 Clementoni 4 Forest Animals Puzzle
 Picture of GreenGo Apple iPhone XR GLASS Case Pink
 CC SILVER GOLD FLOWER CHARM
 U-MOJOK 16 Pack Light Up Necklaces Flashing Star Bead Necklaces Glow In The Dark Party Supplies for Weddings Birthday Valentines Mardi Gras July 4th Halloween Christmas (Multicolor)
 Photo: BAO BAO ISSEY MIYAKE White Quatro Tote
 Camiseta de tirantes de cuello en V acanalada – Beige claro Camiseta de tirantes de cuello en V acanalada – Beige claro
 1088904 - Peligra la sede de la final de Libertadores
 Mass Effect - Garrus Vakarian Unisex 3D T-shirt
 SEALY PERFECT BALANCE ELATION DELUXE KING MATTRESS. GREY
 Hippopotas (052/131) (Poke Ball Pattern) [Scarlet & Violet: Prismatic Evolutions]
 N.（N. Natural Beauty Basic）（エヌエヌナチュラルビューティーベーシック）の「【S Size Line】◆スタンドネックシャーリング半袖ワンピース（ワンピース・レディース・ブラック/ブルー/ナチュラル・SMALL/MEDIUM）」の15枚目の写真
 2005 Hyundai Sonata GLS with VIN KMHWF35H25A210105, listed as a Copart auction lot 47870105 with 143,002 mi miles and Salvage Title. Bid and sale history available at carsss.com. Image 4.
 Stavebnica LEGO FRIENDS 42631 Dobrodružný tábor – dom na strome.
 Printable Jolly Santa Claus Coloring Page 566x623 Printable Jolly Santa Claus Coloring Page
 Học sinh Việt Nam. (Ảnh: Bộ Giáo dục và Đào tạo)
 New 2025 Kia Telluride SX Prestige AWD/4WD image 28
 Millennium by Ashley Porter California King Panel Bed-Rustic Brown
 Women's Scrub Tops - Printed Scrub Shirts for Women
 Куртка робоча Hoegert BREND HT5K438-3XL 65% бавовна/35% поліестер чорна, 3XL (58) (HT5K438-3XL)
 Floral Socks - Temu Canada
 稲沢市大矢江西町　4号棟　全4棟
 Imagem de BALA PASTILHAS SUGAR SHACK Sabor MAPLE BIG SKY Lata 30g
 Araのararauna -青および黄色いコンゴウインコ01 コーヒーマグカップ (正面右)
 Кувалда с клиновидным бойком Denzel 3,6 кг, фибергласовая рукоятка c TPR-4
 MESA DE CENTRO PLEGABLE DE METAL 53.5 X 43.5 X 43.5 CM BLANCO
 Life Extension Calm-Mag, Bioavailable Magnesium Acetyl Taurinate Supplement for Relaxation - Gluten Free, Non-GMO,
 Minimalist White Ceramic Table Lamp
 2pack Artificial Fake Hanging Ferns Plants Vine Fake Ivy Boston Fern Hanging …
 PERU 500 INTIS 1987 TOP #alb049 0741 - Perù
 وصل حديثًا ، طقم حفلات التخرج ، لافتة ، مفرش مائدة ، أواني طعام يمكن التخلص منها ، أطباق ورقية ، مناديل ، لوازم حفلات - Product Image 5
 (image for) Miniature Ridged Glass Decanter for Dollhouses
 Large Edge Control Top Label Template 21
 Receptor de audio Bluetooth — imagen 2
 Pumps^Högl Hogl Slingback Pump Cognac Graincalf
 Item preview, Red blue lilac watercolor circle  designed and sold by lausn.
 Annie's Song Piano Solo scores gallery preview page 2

§ EXERCISE REQUIREMENTS
Wherever the word "preview" turns up in the material, copy the whole line.

§ TASK RESPONSE
 Item preview, Red blue lilac watercolor circle  designed and sold by lausn.
 Annie's Song Piano Solo scores gallery preview page 2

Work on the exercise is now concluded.